→ **ACTIVITY**: Every line below should be duplicated exactly.

→ **GIVEN INFORMATION**:
--
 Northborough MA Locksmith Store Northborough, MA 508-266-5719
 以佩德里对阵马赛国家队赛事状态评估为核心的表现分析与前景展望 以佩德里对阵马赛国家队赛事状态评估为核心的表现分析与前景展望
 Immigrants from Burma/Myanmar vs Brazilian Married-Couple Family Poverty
--
→ **RESULT OF THIS EXERCISE**:
 Northborough MA Locksmith Store Northborough, MA 508-266-5719
 以佩德里对阵马赛国家队赛事状态评估为核心的表现分析与前景展望 以佩德里对阵马赛国家队赛事状态评估为核心的表现分析与前景展望
 Immigrants from Burma/Myanmar vs Brazilian Married-Couple Family Poverty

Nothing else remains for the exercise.